Would not it be wonderful if people of intellect, who expressly project themselves as professionals as opposed to “political animals”, did not have an excessive hangover to a specific party? Would not it be great if intellectuals rather had a longing for principles of democracy, justice, equity, innovation, and other higher ideals? But Nepalese intellectuals are too hardened to make a healthy discourse possible. The elite intellectuals think that they only know the philosophy, thoughts, society and economy there is to be known. This “I know it all” mindset is eating away the vitality of our society for it espouses a tendency to see everything in black and white. For example, the black and white viewers see “market economy” and “collective economy” as being the two economies, and “capitalism” and “communism” as the two isms. This hardened approach prevents a culture of rational thoughts and reasoning from being developed.

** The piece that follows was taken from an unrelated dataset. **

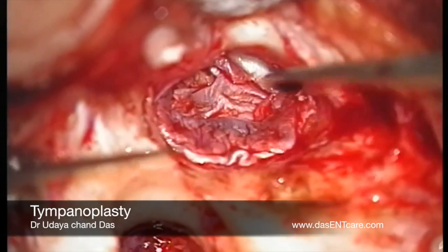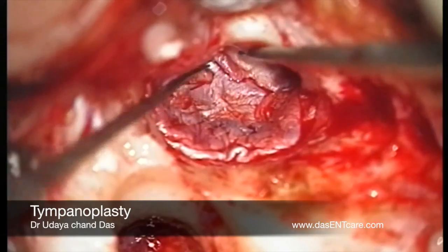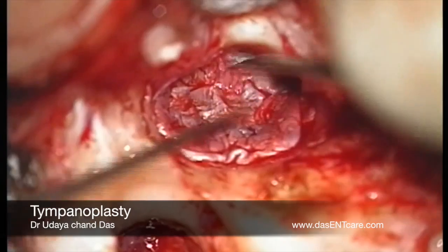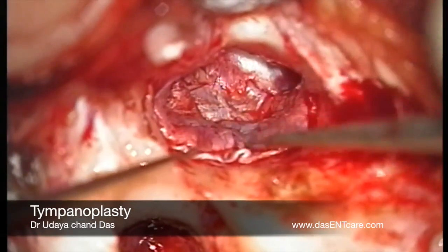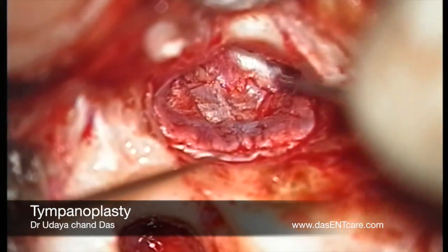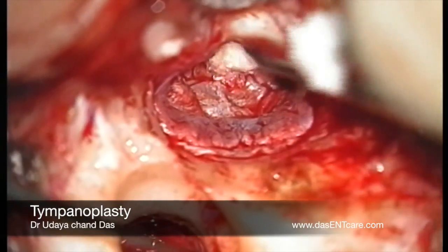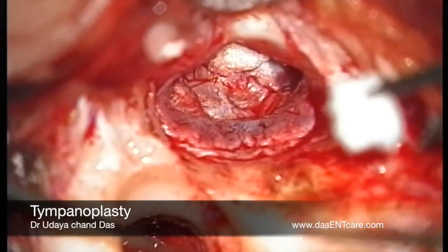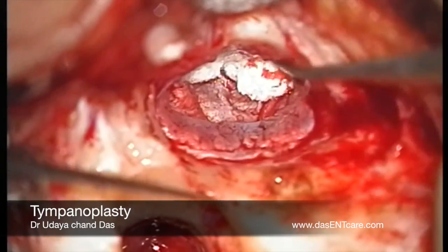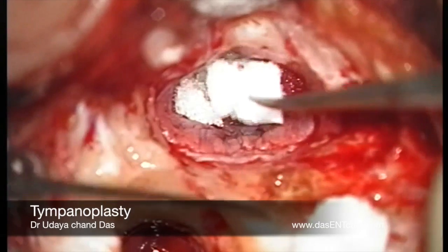Now the graft along with the tympanomeatal flap is deposited back. The graft placement is checked and the tympanomeatal flaps are meticulously deposited back to their normal position. Once that is done, the external auditory canal is filled with gel foam. This gel foam is soaked partly in antibiotic solution, and some of the gel foam is soaked in antibiotic ointment as well. The whole of the external auditory canal is filled up to the tympanomeatal flap area.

That, these days, all intellectuals of Nepalese heritage claim to love democracy, may we all plunge into an endeavor of building a society of public debate and reasoning in which the democracy be founded? May we then accept that we can build an honorable society by advancing the intellectual potential of every citizen and exploring all avenues of knowledge acquisition? May we open our minds to new thoughts, new ways of production, and new ways of strengthening the civilization? Then we will naturally be honoring positive sides of others’ arguments and be naturally be united. The big question is, are we ready to embrace the diversity of opinions? If not, we will be perpetually waiting for the society to be filled by our “yes men”, while the world laughs at us!